Combining the architecture of the two greatest Manchester groups to respectively emerge out of the ‘70s (Joy Division/New Order) and ‘80s (The Smiths), Electronic mixed the sequencer with the guitar, the nightclub with the bedroom, Saturday nights with Sunday mornings to define the city’s soundtrack for the ‘90s. Marr’s prestigious collaboration with Bernard Sumner began with a quartet of immaculate pop singles, occasionally aided by Pet Shop Boy Neil Tennant: Getting Away With It, Get The Message (still Marr’s favourite out of all the records he’s made), Feel Every Beat and Disappointed. Against a shared back-breaking weight of past baggage, Marr and Sumner found a musical equilibrium which exceeded individual expectations of both. By the group’s second and third albums, Raise The Pressure (1996) and Twisted Tenderness (1999), Electronic began defying the constraints of their name to become, however accidental or ironic, another great Manchester guitar band.

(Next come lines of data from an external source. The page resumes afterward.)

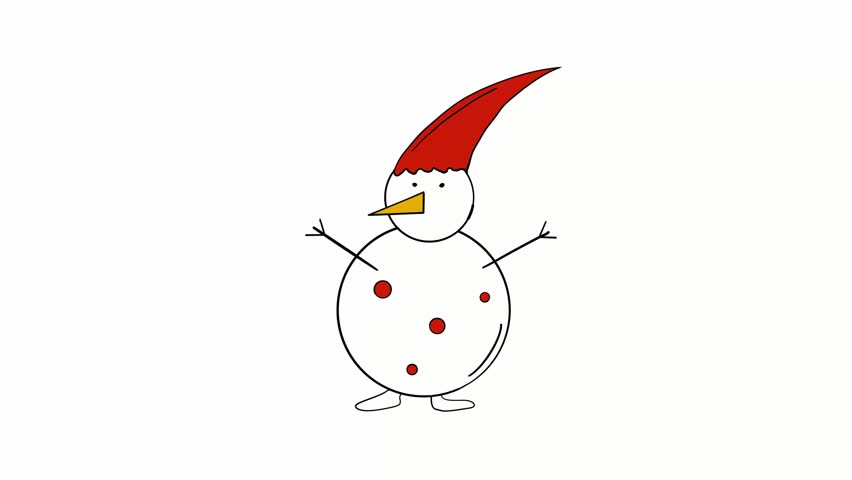 snowman or iceman on white background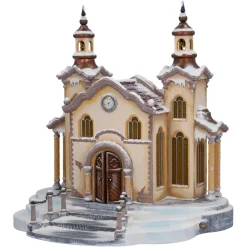 Kindertraum Kindertraum Kollektion-Stadtkirche Im Winter Mit Beleuchtung, Uhr- Und Musikwerk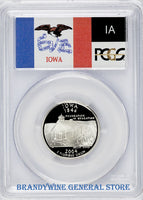 2004-S Iowa Silver Statehood Quarter PCGS Proof 70 Deep Cameo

Since Marr’s friendship with The The’s Matt Johnson predated The Smiths (Marr would even kip on Johnson’s sofa during early Smiths’ sojourns to London in 1983) it seemed inevitable that the two should finally work together. To promote 1989′s Mind Bomb (including the top 20 hit The Beat(en) Generation), the group embarked on their The The Vs. The World tour resulting, in Marr’s own opinion, in “some of the best shows I’ve ever played”. Equally, he deems their next record, 1993′s critically acclaimed Dusk, one of the best of his career. A lyrically intense exorcism of Johnson’s recent bereavements, Marr sprinkled songs such as Slow Emotion Replay and Love Is Stronger Than Death with his own inimitably poignant Marrdust.

Perhaps it was fate that a young Noel Gallagher was carrying a copy of The The’s Dusk the night he bumped into Marr’s brother, Iain, in Manchester’s Hacienda. As somebody who’d been inspired to pick up a guitar by seeing The Smiths, Noel passed on a demo of his group Oasis, then in the process of getting signed. Johnny duly became Noel’s mentor, helping Oasis find management and, famously, “lending” Noel one of his hallowed Smiths guitars which, as is now part of Gallagher folklore, was possessed by the voodoo spirits of great melody assuring his group’s destiny. Years later, Marr would return to shake some action on Oasis’ 2002 number one album Heathen Chemistry.